Janette L. Garin, également co-auteur de la RH Bill, a menacé : « A chaque jour qui passera [sans cette loi], plus de mères vont mourir, plus d’enfants seront orphelins, et plus de familles philippines seront privées du choix d’avoir une vie meilleure. »

Mais, parallèlement au débat sur la RH Bill aujourd’hui relancé, l’Eglise sait qu’elle devra prochainement lutter contre un autre projet de loi que le président Aquino compte faire passer aussi en force, malgré l’opposition farouche de l’épiscopat philippin. Après le vote de la loi sur « la santé reproductive », le Parlement envisage en effet un projet de loi légalisant le divorce, dont le vote est prévu lors de la session parlementaire qui suivra les élections de ce printemps.
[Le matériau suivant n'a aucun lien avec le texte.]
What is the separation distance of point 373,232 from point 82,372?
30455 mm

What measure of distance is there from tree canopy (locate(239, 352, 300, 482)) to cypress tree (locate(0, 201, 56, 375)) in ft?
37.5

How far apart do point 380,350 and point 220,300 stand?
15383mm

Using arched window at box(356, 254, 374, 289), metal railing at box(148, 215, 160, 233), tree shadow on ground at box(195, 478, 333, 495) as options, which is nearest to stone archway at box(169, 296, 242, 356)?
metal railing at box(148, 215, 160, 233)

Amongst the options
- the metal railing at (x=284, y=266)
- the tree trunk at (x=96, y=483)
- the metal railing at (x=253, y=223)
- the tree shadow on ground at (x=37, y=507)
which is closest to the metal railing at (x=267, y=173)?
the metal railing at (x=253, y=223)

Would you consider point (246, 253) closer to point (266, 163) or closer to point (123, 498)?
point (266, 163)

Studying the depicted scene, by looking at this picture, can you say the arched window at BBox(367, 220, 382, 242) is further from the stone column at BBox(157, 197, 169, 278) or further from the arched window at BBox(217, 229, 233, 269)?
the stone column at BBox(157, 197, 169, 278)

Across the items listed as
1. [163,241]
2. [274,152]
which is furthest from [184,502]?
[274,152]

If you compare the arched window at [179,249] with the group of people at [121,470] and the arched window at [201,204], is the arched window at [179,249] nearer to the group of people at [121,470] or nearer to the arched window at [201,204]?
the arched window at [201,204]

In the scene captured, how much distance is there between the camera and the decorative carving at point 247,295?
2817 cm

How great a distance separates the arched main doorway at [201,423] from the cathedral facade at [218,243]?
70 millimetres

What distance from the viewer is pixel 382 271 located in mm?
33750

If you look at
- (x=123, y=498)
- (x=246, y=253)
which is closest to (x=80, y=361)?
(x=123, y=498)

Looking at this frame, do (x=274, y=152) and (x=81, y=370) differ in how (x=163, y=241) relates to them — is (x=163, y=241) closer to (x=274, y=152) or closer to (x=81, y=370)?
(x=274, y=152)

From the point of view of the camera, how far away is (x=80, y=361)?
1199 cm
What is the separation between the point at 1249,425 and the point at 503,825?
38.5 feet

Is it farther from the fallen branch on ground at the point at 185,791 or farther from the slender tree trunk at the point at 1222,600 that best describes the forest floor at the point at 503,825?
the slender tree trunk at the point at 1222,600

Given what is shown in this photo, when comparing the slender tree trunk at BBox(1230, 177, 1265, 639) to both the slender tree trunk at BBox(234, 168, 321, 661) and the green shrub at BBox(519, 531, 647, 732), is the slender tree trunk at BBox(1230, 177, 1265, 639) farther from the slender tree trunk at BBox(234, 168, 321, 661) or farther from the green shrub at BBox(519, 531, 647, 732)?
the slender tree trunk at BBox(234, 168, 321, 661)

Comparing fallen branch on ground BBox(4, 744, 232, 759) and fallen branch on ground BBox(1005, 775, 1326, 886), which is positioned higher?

Les Philippines sont aujourd’hui le seul Etat dans le monde, avec le Vatican, où le divorce est interdit par la loi. Au cours des débats qui avaient agité le pays au sujet de la RH Bill, l’Eglise catholique avait montré la même opposition concernant l’introduction du divorce, dont le projet de loi commençait à être présenté. Aujourd’hui, a commenté le P. Melvin Castro, « le gouvernement dévoile enfin son vrai visage » et révèle que « contrairement à ce qu’il affirme, il n’a jamais été pour le bien-être de la famille, des femmes et des enfants ». « Ce à quoi nous assistons aujourd’hui montre bien que [la RH Bill] n’est que le commencement d’une série de lois orientées contre la famille et la vie », a-t-il conclu.